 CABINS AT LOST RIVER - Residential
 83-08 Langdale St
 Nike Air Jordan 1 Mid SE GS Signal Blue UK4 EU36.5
------------------------------
=== WORK INSTRUCTIONS ===
Print the material in full. Keep it exactly as it is.

=== YOUR RESPONSE ===
 CABINS AT LOST RIVER - Residential
 83-08 Langdale St
 Nike Air Jordan 1 Mid SE GS Signal Blue UK4 EU36.5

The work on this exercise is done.